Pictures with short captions
::::::

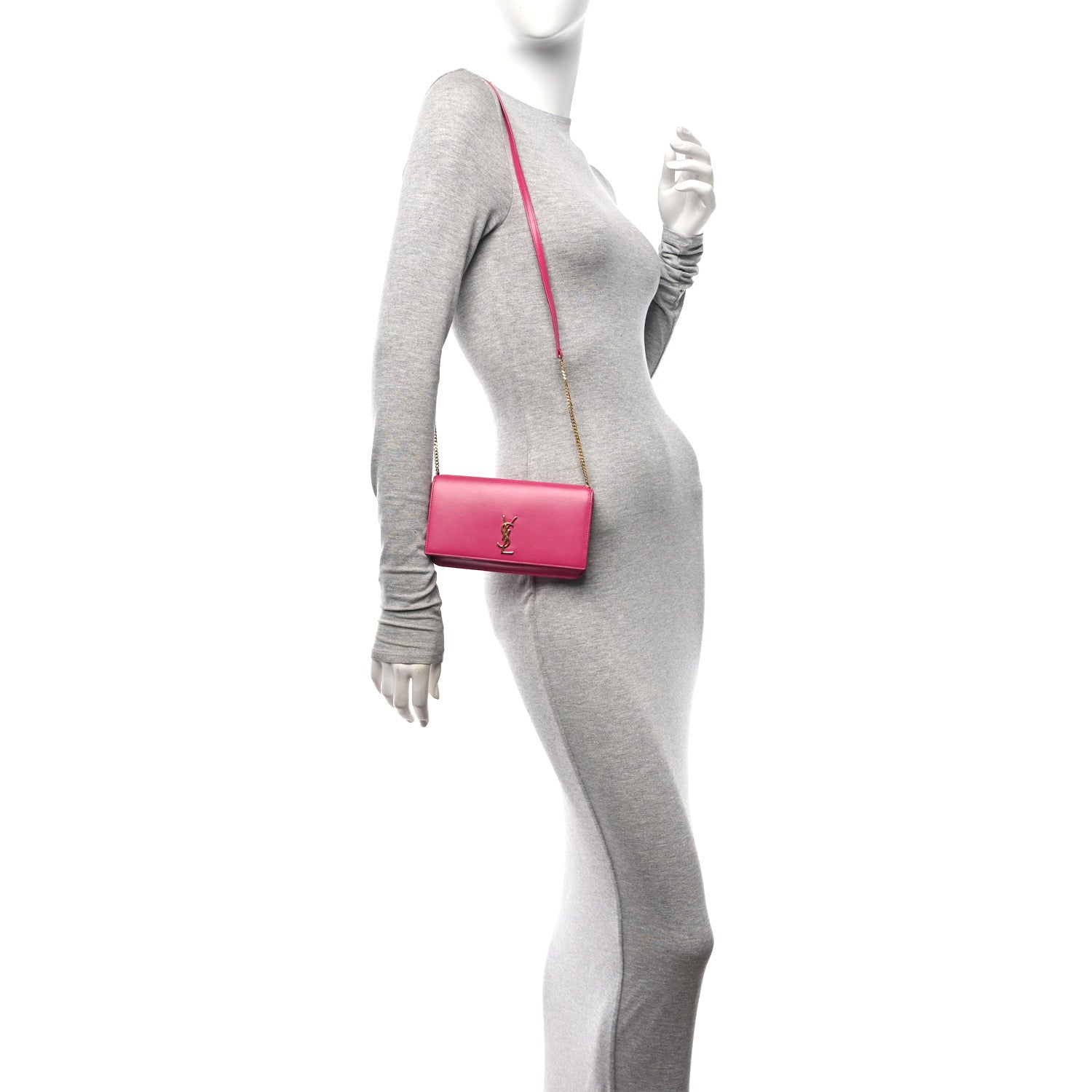 Saint Laurent Smooth Calfskin Monogram Phone Holder Crossbody Fuchsia Couture 2 of 9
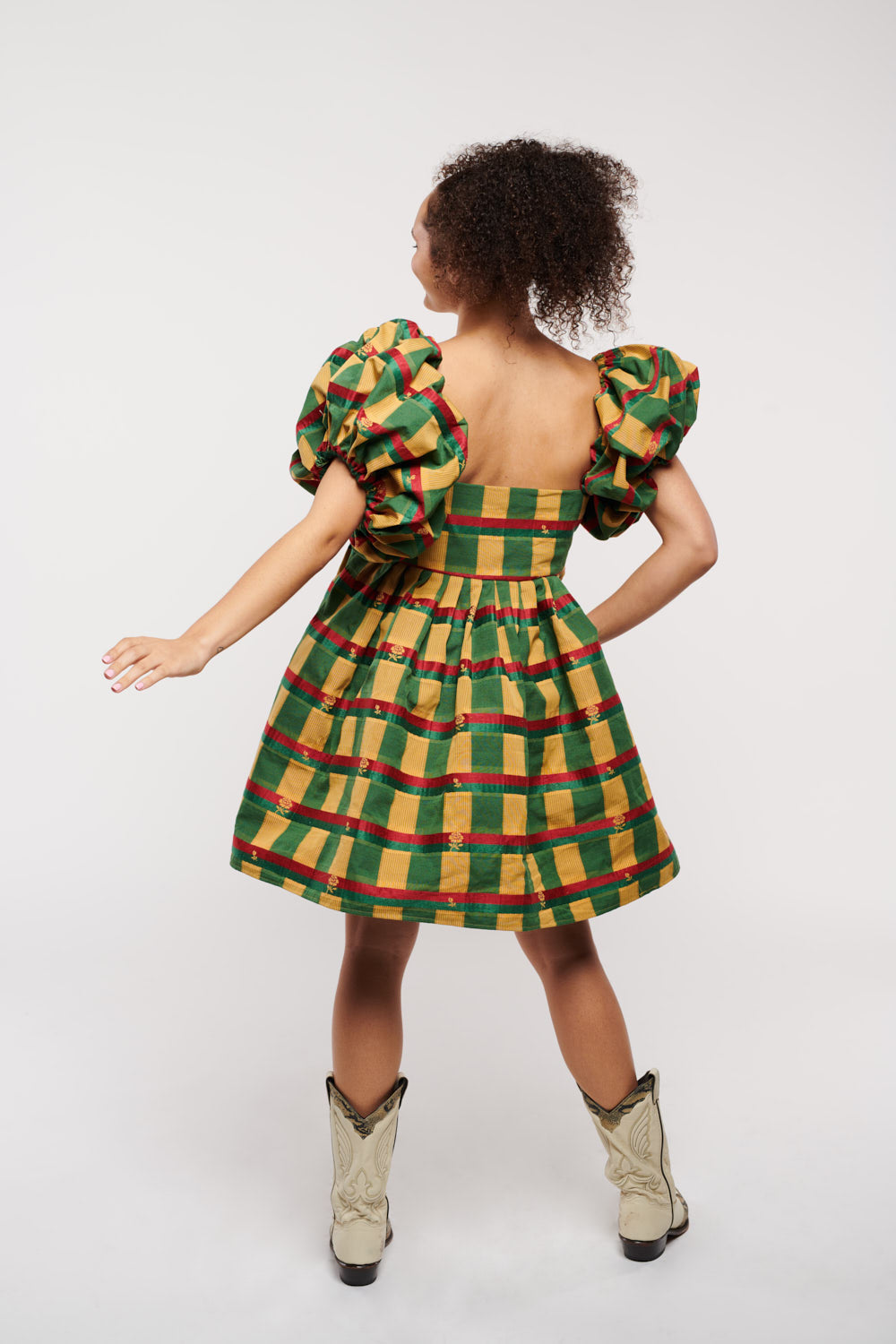 Jean Floral Plaid Green, Yellow, Red Multi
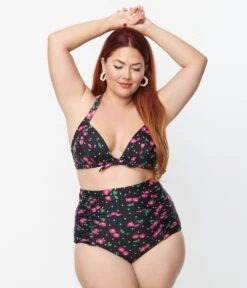 Unique Vintage Plus Size Black & Hot Pink Cherry Pin Dot Monroe Swim Bottom -Pleaser Clothing Store unique vintage plus size black hot pink cherry pin dot monroe swim bottom 457540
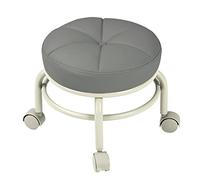 OUZVI Tabouret bas à roulettes, tabouret de pédicure, siège roulant, tabourets courts à roulettes pivotantes universelles en cuir, petits tabourets sur roues pour Gar Grey (gris 1)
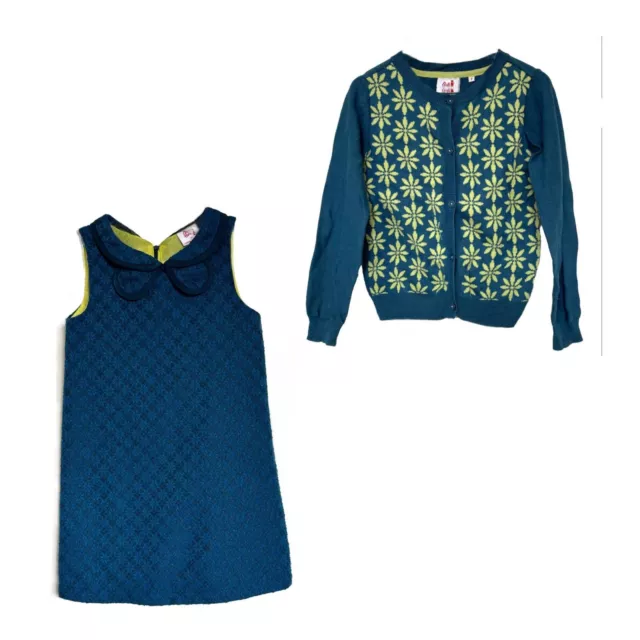 Little Leona - Retro Style Dress & Cardi - Size 7 - Petrol Blue & Chartreuse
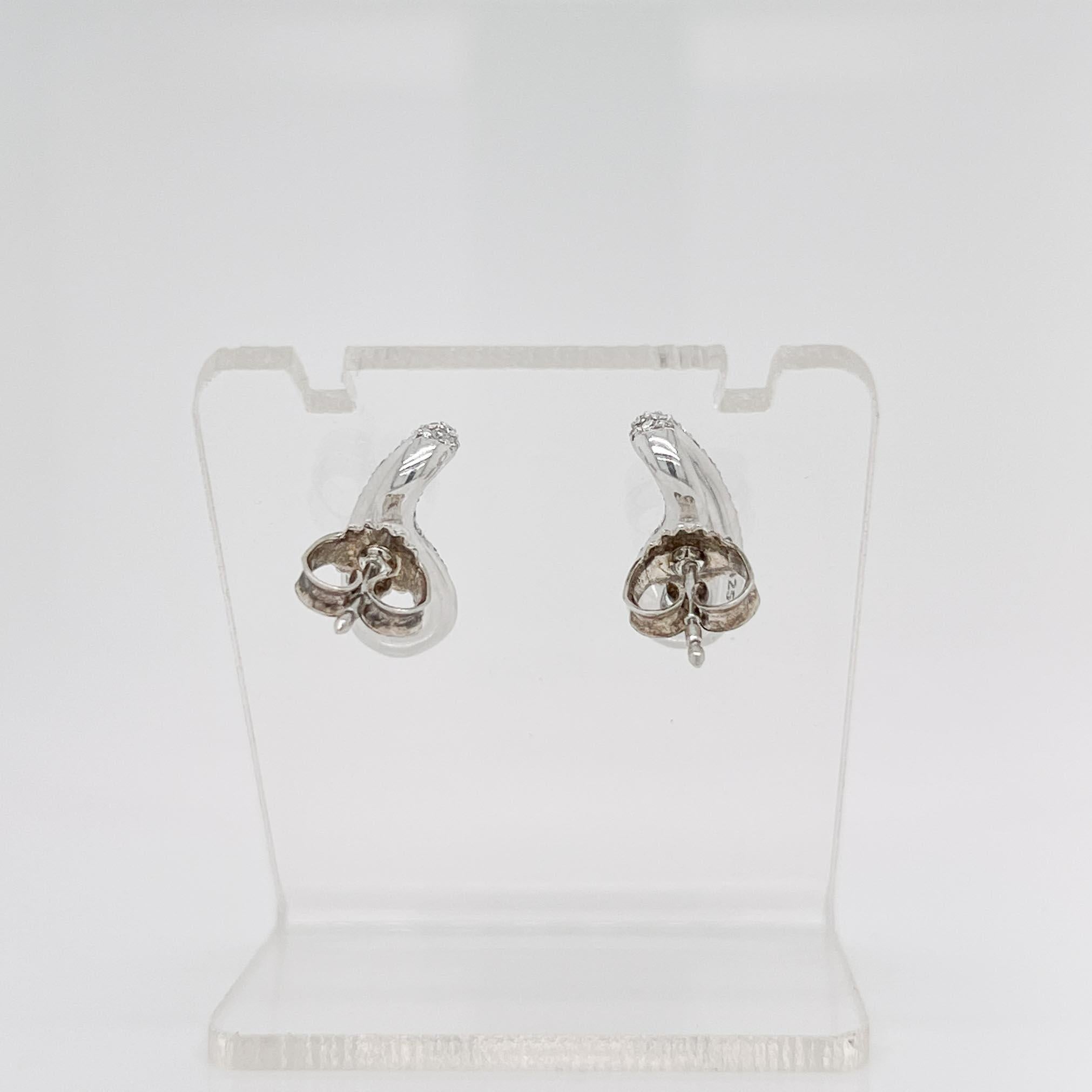 Women's Georg Jensen Diamond & Sterling Silver Infinity Earrings  For Sale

::::::

The records above need retyping in full. Omit the pictures, and change nothing else.

● Written answer:
 Saint Laurent Smooth Calfskin Monogram Phone Holder Crossbody Fuchsia Couture 2 of 9
 Jean Floral Plaid Green, Yellow, Red Multi
 Unique Vintage Plus Size Black & Hot Pink Cherry Pin Dot Monroe Swim Bottom -Pleaser Clothing Store unique vintage plus size black hot pink cherry pin dot monroe swim bottom 457540
 OUZVI Tabouret bas à roulettes, tabouret de pédicure, siège roulant, tabourets courts à roulettes pivotantes universelles en cuir, petits tabourets sur roues pour Gar Grey (gris 1)
 Little Leona - Retro Style Dress & Cardi - Size 7 - Petrol Blue & Chartreuse
 Women's Georg Jensen Diamond & Sterling Silver Infinity Earrings  For Sale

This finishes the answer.